Мол, на самом деле, это был перенос латентной страсти к другу на его подругу, сексуальный эвфемизм из-за предрассудочной нерешительности перейти с ИБ на «ты» и трахнуть. Говорю со слов Довлатова, а тот мог, конечно, и передернуть, подвести под образ ДБ, которого относил к породе достоевских персонажей, а те любую свою гнусь объясняют высшими материями.
Что верно, так это что объектом творческого либидо ДБ был сам ИБ, а не МБ. То есть в переносном смысле. Не как муж, но как пиит. Но поединок с поля поэзии, где был обречен на проигрыш, ДБ перенес на любовное и взял-таки реванш за литературное поражение, уязвив и унизив друга, в котором видел соперника, а тот в нем – нет. ИБ был так забалован не только литературными, но и любовными успехами, что его мужское ego просто не успело приспособиться к такому провалу. А что, если не только Дима Бобышев, но и Марина Басманова – оба брали реванш? За чтó – было обоим. Но я пишу не их парный портрет, а жизнеописание ИБ. Он не привык к поражениям, потому это и стало Катастрофой. Она же – вдохновение. ИБ был романтик, трагедия – его муза.
Жизнь ИБ – как личная, так и поэтическая – делится на два периода: до Катастрофы и после Катастрофы. Все остальные принятые у исследователей периодизации – до суда и после суда, до ссылки и после ссылки, до отвала и после, до Нобельки и после Нобельки – условны, а то и вовсе вздорны.
С его точки зрения, не столько само сношение, сколько антураж был с подлянкой – снюхались они, когда гэбуха обложила ИБ со всех сторон, до ареста осталось всего ничего, все уговаривали ИБ остаться в Москве, но он, чуя неладное в любовном тылу, примчался в Питер – само собой, на самолете, на поезд у него никогда не хватало терпения, – где его тут же и схватили.

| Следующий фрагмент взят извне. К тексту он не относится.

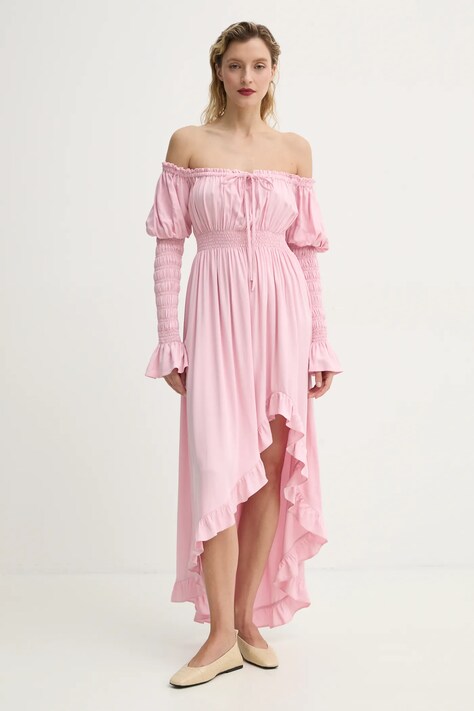 The Sleeper rochie culoarea roz, maxi, evazată, WADR02P006N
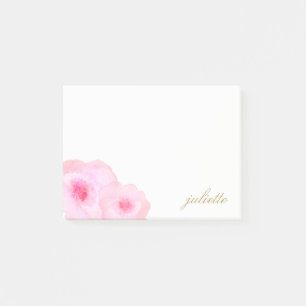 Post-it® Fleurs assez roses d'aquarelle personnalisées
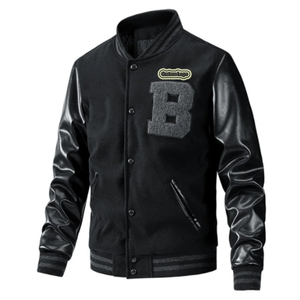 Custom Logo Stand Front Print Baseball Letterman Jacket for Men Fall Winter Waterproof Breathable <b>Wool</b> Leather Customizable - Product Image 1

Кто знает, отсидись он в столице… Но опять-таки, не было бы тогда и его великой судьбы, не говоря уж о внешних знаках – суд, слава, ссылка, отвал, Нобелька и проч. В том и суть, что гения судьба тащит силком, а этот и не отбрыкивался, эмоционально расслабленный и равнодушный ко всему – включая арест, суд, дурдом и ссылку – кроме измены-предательства. ИБ подловили там, где он менее всего ждал подвоха. А счеты с гэбухой и советской властью – мелководье по сравнению с той бездной, куда он летел вниз головой по вине ли друга, подружки или своей собственной: разберемся вот-вот с их же помощью.

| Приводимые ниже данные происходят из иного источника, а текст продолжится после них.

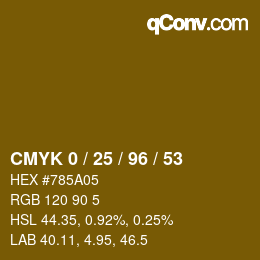 Color code: CMYK 0 / 25 / 96 / 53 | qconv.com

Безотносительно к контексту, супостат и супостатка, как я уже вроде бы упоминала, были единственными гоями в его разношерстой во всех других отношениях питерской компашке. Наше семейство не в счет, ибо со стороны.
Его подружка так и застряла в Питере, а бывший друг, который осудил ИБ за отвал в виршах и устно («Сейчас ты в заграничном том пределе, куда давно глаза твои глядели»), сам вскоре женился на американке русского происхождения, переехал в Америку, переженился на русской еврейского происхождения и сетовал, что ИБ, в отместку, перекрыл ему здесь кислородные пути. На самом деле прямого такого указания со стороны мэтра не поступало, но мир литературной иммиграции и сопредельный ему мир американской славистики – это тесное гетто, члены которого, сочувствуя либо угождая страдающему гению, подвергли литературного Иуду пусть не тотальному, но довольно чувствительному остракизму, который закончился только после смерти ИБ, и Иуда стал выпускать книжку за книжкой с совсем даже недурными виршами. Вообще, из ахматовских сирот Бобышев, после ИБ, – самый талантливый, пусть и с большим от лидера отрывом. Он долго – дольше других – сдерживал свой вспоминательный зуд, но в конце концов и он включился в «волшебный хор» посмертных мемуарщиков, выдав свою версию их совместной истории, предварительно оглашенную им в стихах. Тем не менее я заставлю его говорить в этой моей книге как на духу. Или – на исповеди у психоаналитика. Пусть сравнит свои мемуары со своим же монологом, мною за него сочиненным.